Egypt hosts two major religious institutions. Al-Azhar Mosque, founded in 970 CE by the Fatimids as the first Islamic university in Egypt and the Coptic Orthodox Church of Alexandria established in the middle of the 1st century by Saint Mark.

In Egypt, Muslims and Christians share a common history, national identity, ethnicity, race, culture, and language.

In 2002, under the Mubarak government, Coptic Christmas (January 7) was recognized as an official holiday, though Christians complain of being minimally represented in law enforcement, state security and public office, and of being discriminated against in the workforce on the basis of their religion.

Demographics
In 2010, based on the contested 2006 Census data, estimated that 94.9% of Egyptians are Muslims, 5.1% are Christians, and less than 1% are Jewish, Buddhists, or other religions. The share of Christians in the Egyptian population has according to official statistics been declining with the highest share reported in the past century being in 1927, when the official census put the percentage of Egyptian Christians at 8.3%. In each of the seven subsequent censuses, the percentage shrank, ending at 5.7% in 1996.

However, most Christians refuted these figures, claiming they have been under-counted. Christians maintain that they represent up to 15% or even 25% of the Egyptian population. In 2017 state-owned newspaper Al Ahram claimed that the percentage of Christians ranged from 10 to 15%, similar to the range claimed by the Washington Institute for Near East Policy.

Recent self-identification surveys put the Christian percentage at around 10%, as found by Afrobarometer in 2016 (which estimated the country to be 10.3% Christian and 89.4% Muslim) and by Arab Barometer in 2019 (which estimated it to be 9.6% Christian and 90.3% Muslim).

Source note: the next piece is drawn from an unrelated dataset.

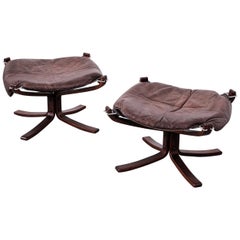 Pair of "Falcon" Ottomans by Sigurd Ressell for Vatne Möbler, 1970s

According to 2015 figures from the Central Intelligence Agency (CIA), Sunni Muslims make up 90% of the population, with Christians making up the remaining 10%. A significant number of Sunni Muslims follow native Sufi orders. There are reportedly close to fifty thousand Ahmadi Muslims in Egypt. Estimates of Egypt's Shia Twelvers and Ismaili community range from 800,000 to about two to three million members.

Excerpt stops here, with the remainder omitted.